La palabra dignidad significa “valor”, “valioso”. Cuando hablamos de dignidad humana estamos diciendo que toda persona es valiosa, vale por sí misma, y por tanto merecerespeto, reconocimiento y reverencia, sea cual sea su filiación política, condición social, nacionalidad, religión, raza, condición sexual, etc. El artículo 1ero de la Declaración Universal de los Derechos Humanos (1948) afirma que “todos los hombres nacen libres e iguales en dignidad y derechos”.
Desde nuestra fe, valoramos la declaración de los derechos humanos y creemos también que la dignidad es un don de Dios, como lo reconoce San Pablo en su exhortación a los Corintios “¿han olvidado que son templo de Dios y que el Espíritu de Dios habita en ustedes?”(1 Cor 3,16); también el Génesis nos revela que hemos sido creados a imagen y semejanza de Dios (Gén 1,26); y Jesús nos muestra, en la parábola del juicio final, que en el respeto y reconocimiento de la dignidad del pobre se juega nuestra salvación, “lo que hiciste con uno de mis hermanos más pequeños lo hiciste conmigo” (Mt 25; 40)
Jesús reconoció y respetó la sacralidad de la persona humana, su dignidad. Por eso, es recordado por sus seguidores como quien “paso por la vida haciendo el bien” (Hch 10,38).
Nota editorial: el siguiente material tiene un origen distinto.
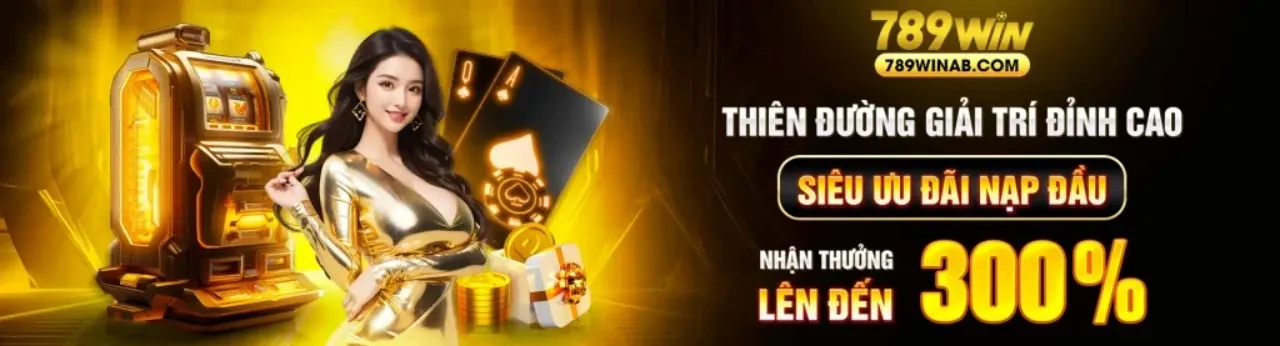 Đội ngũ hỗ trợ khách hàng chuyên nghiệp của nohu94 sẵn sàng phục vụ 24/7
Esta memoria tiene que ver con su manera reverente, respetuosa y amorosa de tratar a los demás, especialmente a los más pobres; quienes fueron el centro de su misión (Lc 4, 18). También tuvo un trato especial con los excluidos, acogiendo a las prostitutas señaladas como pecadoras públicas en la sociedad (Lc 7,36-50); sentándose a banquetear con los mal vistos publicanos (Lc 7,27-32); tocando a los “impuros” leprosos ( Lc 5,12-16); despertando en el ciego Bartimeo la fuerza sanadora de la fe ( Lc 18, 31-43) y dando de comer a la muchedumbre hambrienta (Mc 8,1-10).
Al final de su vida, como señal de reverencia a la dignidad humana, vemos a Jesús, el hijo de Dios, arrodillándose ante sus discípulos para lavarle los pies, explicando el desconcertante gesto con unas breves palabras, “¿Comprenden lo que he hecho con ustedes? Ustedes me llaman Maestro y Señor, y con razón, porque lo soy. Pues si yo, el maestro y el Señor les he lavado los pies, también ustedes deben lavarse los pies unos a otros” (Jn 13,13-14). Este hecho nos muestra que para Jesús la dignidad humana es absoluta.
El Nazareno siempre dejó claro que la persona humana no es un medio sino un fin en sí misma, y esta convicción lo llevó a cuestionar a quienes ponían al orden establecido, al templo y a la ley por encima de la persona, por eso insistió que “el sábado se hizo para el hombre y no el hombre para el sábado, así que el hombre es también dueño del sábado” (Mc 2,27-28). Este modo tan radical de Jesús al servicio de la dignidad humana es un desafío para los creyentes en esta coyuntura, porque más allá de cualquier inclinación política totalmente justificada, debe prevalecer la opción absoluta por la dignidad humana.
En síntesis, trabajar por la defensa de la dignidad humana y establecer, en esta hora de fractura, los puentes que posibiliten una convivencia pacífica y de respeto mutuo, es hoy el modo más adecuado de expresar nuestra fe en Jesucristo. Los cristianos, de ambas partes, tienen la responsabilidad histórica, junto a los hombres y mujeres de buena voluntad, de apostar por el diálogo y el reconocimiento mutuo al servicio de la paz social fundada en la protección y defensa de la dignidad humana. La complicidad con cualquier actor político que no reconozca e irrespete la dignidad humana es cristianamente un pecado grave que la historia difícilmente nos absolverá.